This post is based on information from When Baby Makes Three, the 2011 State of Our Unions report from the National Marriage Project. The study was designed to look at how children affect a couple’s relationship. It found that “the experience of parenthood varies by the outcome studies, family size, the relationship of the parent, and the beliefs of the parents.” The study showed that “parenthood is typically associated with lower levels of marital happiness” but that for a “substantial minority of husband and wives” being parents was not “an obstacle to marital happiness.” The study then found ten things that “seemed to boost men and women’s odds of successfully combining marriage and parenthood.”

In short, they found that for most couples adding kids reduced marital happiness and raised marital conflict, but that for a sizeable subset of couples, this was NOT the case. It seems to me that the reasons some couples can have kids and a happy marriage are things we all need to know and work to build into our marriages!

Before moving on to marriage parts of the study tomorrow, I want to point out one very important finding of the study.

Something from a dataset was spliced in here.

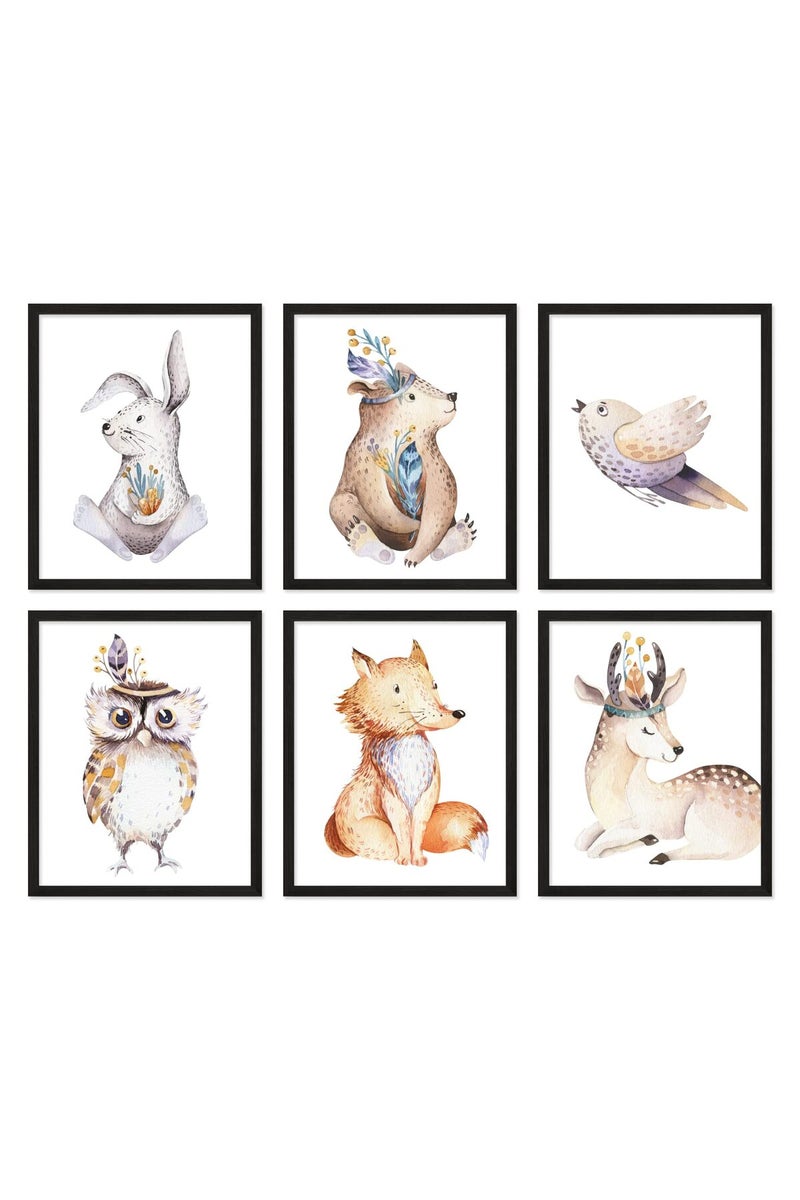Insire Woodland Nursery Decor Jungle Nursery Decor Nursery Wall Art - Set of 6 Woodland Nursery Decor For Boys Girls Cute Posters Animal Posters - Woodland Animals Nursery Art Woodland Animals Decor UNFRAMED - Image 1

The authors said “we found that married parents generally experienced more individual happiness and less depression that unmarried parents…”. In a world that often sees fathers as unnecessary, this is important news. We’ve already seen studies that show both boys and girls are better off with a mother and a father, and now we learn that those who parent as couples are better off than single parents. Society has declared married parenting as old fashioned, but that does not change the harm that single parenting does to children and parents alike.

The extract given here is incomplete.